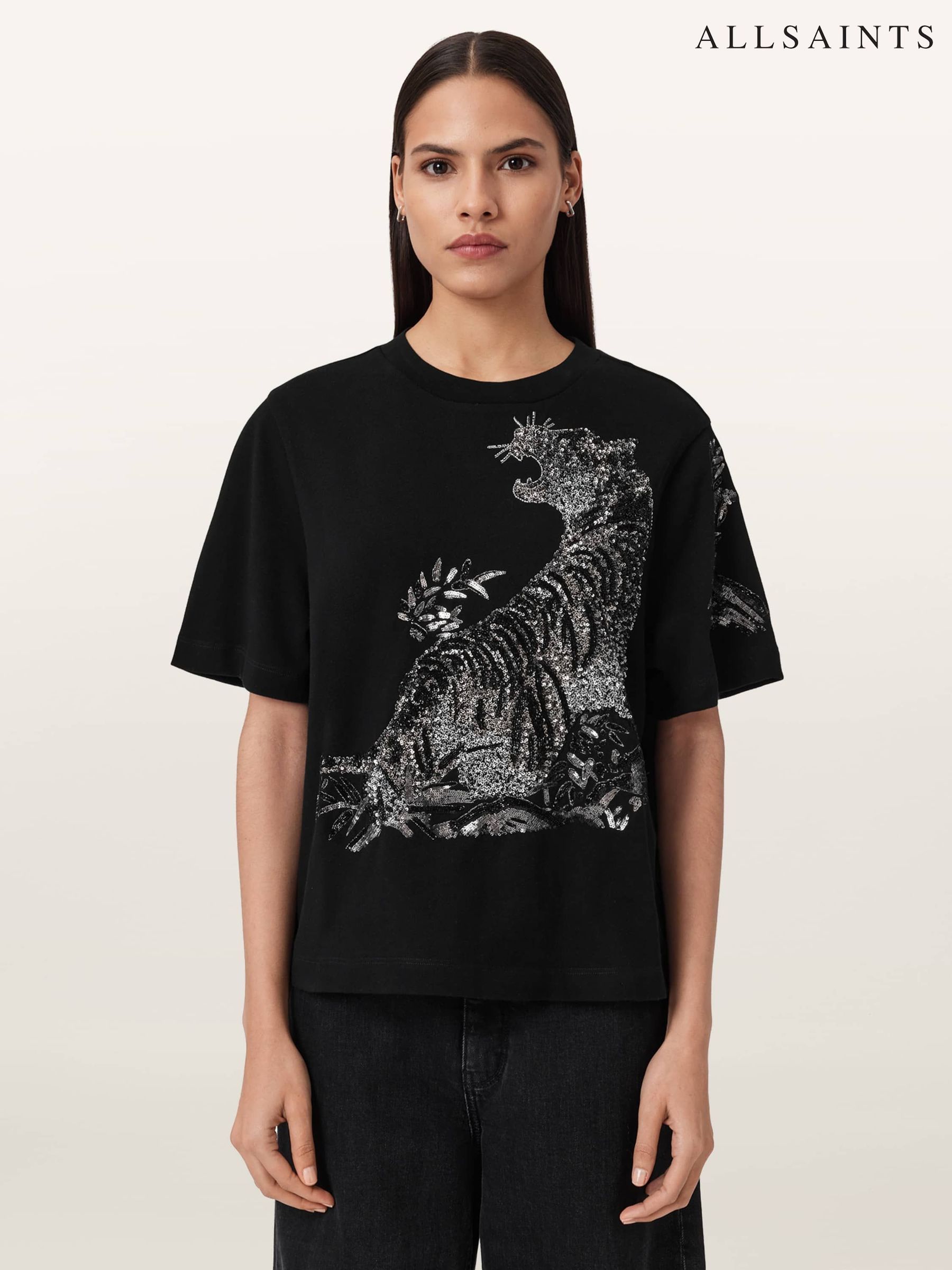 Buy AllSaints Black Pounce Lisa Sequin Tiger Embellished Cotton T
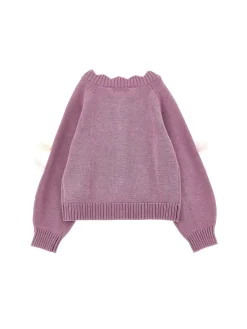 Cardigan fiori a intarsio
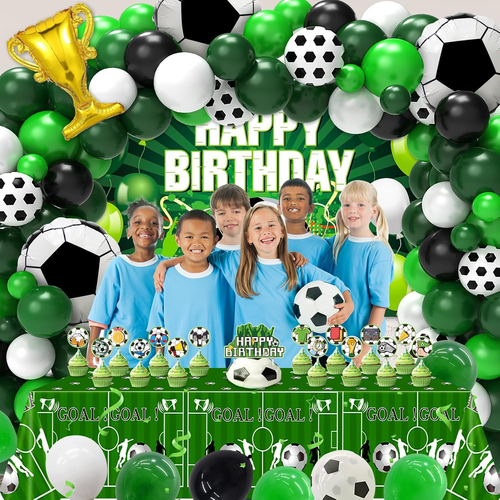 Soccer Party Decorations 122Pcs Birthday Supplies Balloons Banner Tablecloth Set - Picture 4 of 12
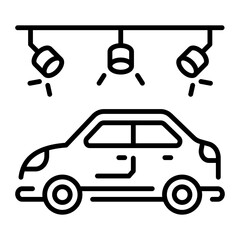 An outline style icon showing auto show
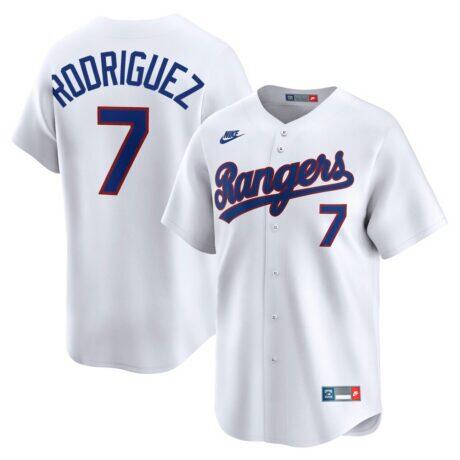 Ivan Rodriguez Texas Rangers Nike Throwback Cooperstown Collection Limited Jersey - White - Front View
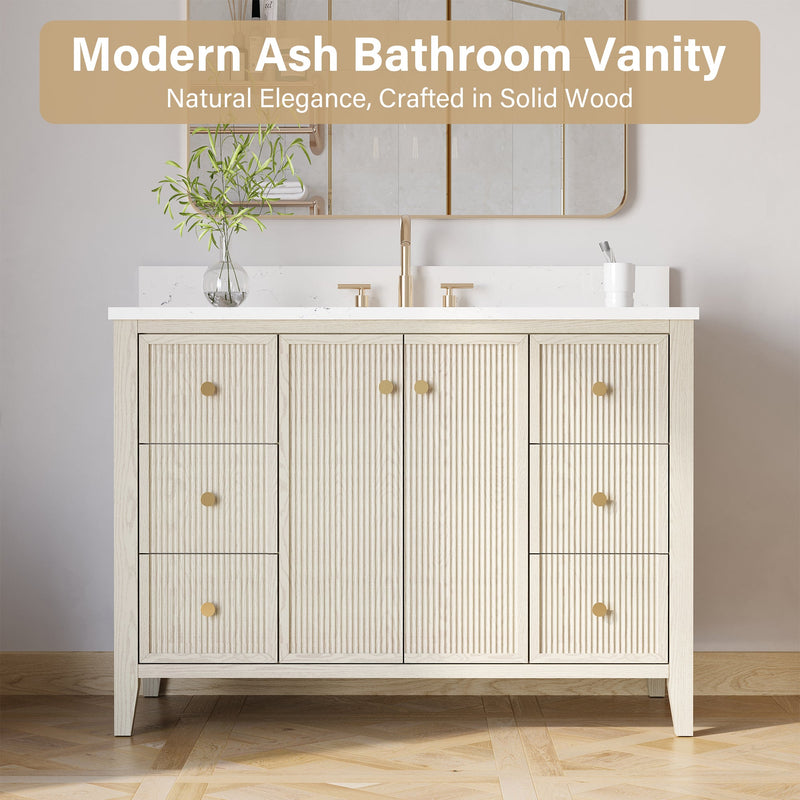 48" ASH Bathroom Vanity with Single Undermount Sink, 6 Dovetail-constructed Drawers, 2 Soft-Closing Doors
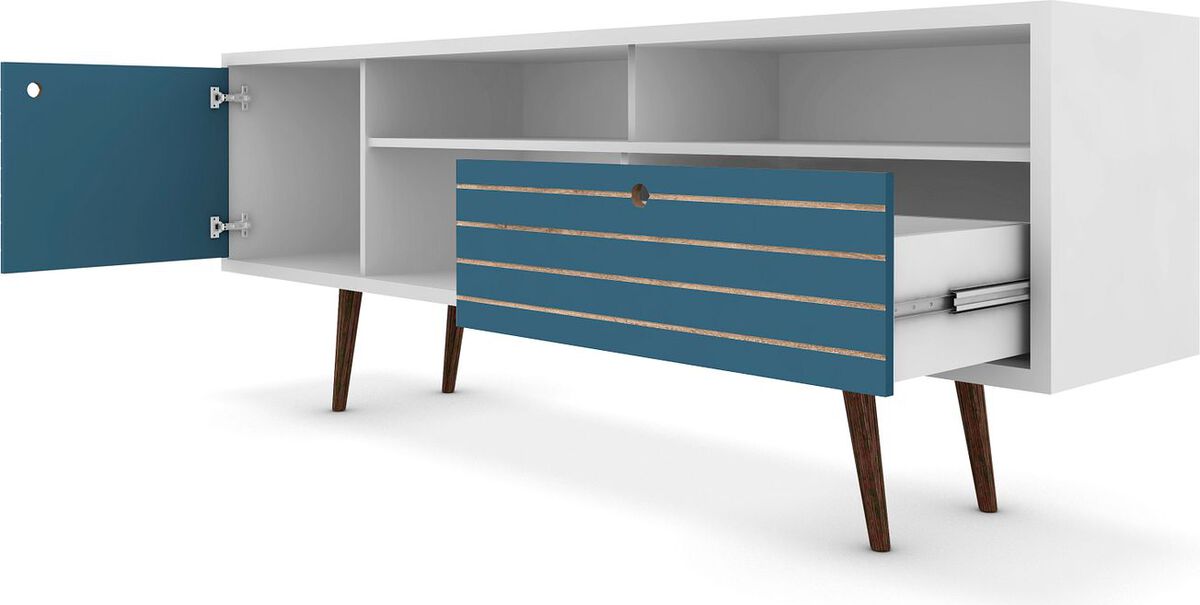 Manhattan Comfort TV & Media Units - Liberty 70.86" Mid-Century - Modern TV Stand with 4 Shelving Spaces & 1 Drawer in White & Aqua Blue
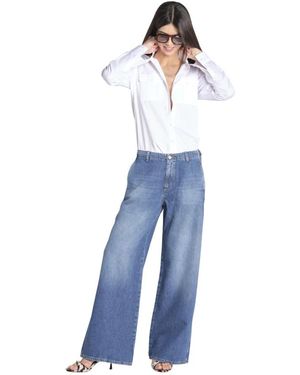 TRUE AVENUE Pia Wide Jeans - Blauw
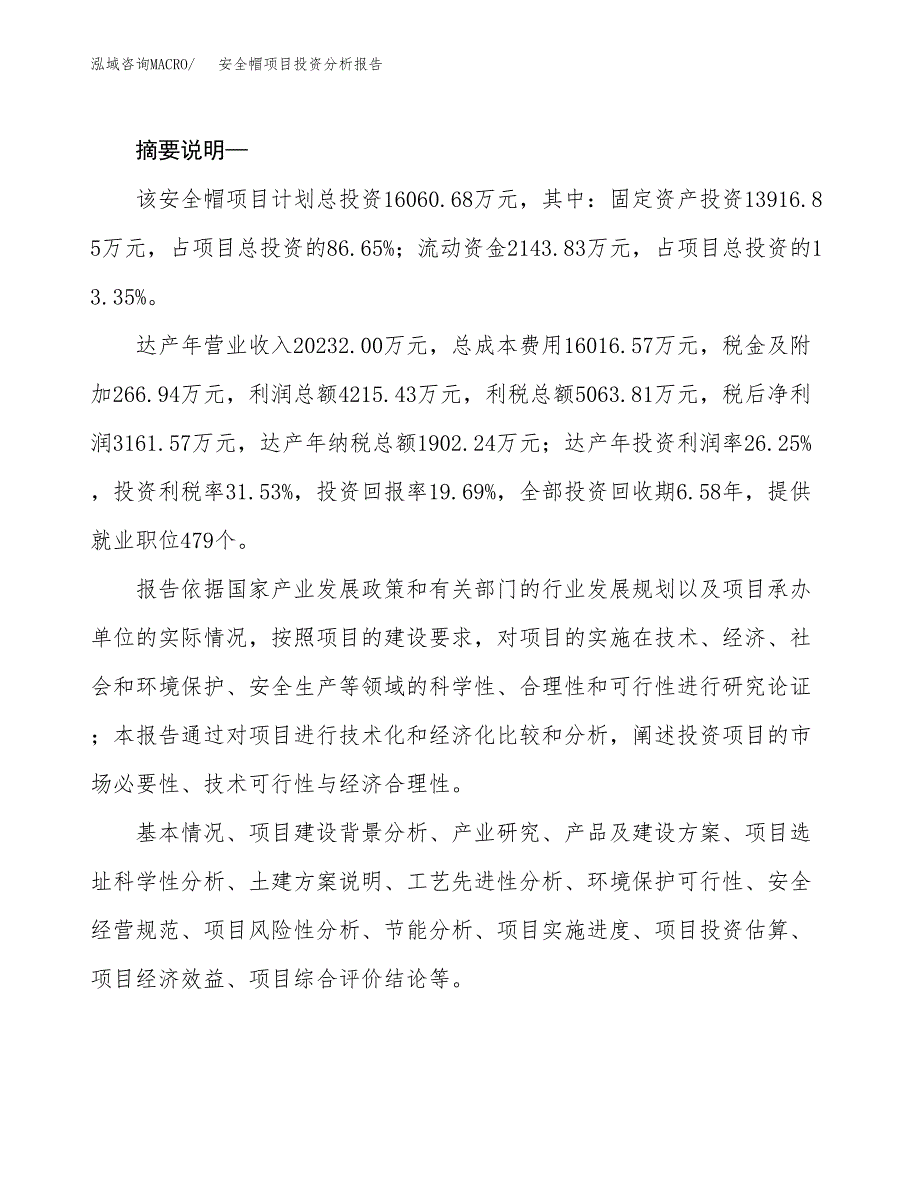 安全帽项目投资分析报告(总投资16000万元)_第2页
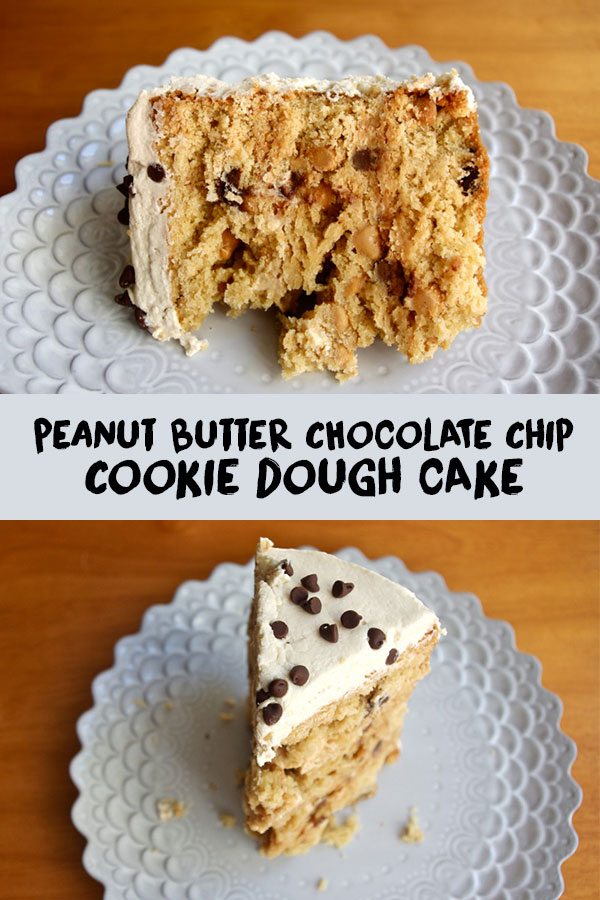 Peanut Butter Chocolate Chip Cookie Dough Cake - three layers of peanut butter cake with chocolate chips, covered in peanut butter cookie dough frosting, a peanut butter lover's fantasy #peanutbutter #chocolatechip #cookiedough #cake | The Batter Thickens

..........

Exercise prompt —
Without the pictures, write out all of the material exactly.

Output of the exercise —
 Buy AllSaints Black Pounce Lisa Sequin Tiger Embellished Cotton T
 Cardigan fiori a intarsio
 Soccer Party Decorations 122Pcs Birthday Supplies Balloons Banner Tablecloth Set - Picture 4 of 12
 An outline style icon showing auto show
 Ivan Rodriguez Texas Rangers Nike Throwback Cooperstown Collection Limited Jersey - White - Front View
 48" ASH Bathroom Vanity with Single Undermount Sink, 6 Dovetail-constructed Drawers, 2 Soft-Closing Doors
 Manhattan Comfort TV & Media Units - Liberty 70.86" Mid-Century - Modern TV Stand with 4 Shelving Spaces & 1 Drawer in White & Aqua Blue
 TRUE AVENUE Pia Wide Jeans - Blauw
 安全帽项目投资分析报告(总投资16000万元)_第2页
 Peanut Butter Chocolate Chip Cookie Dough Cake - three layers of peanut butter cake with chocolate chips, covered in peanut butter cookie dough frosting, a peanut butter lover's fantasy #peanutbutter #chocolatechip #cookiedough #cake | The Batter Thickens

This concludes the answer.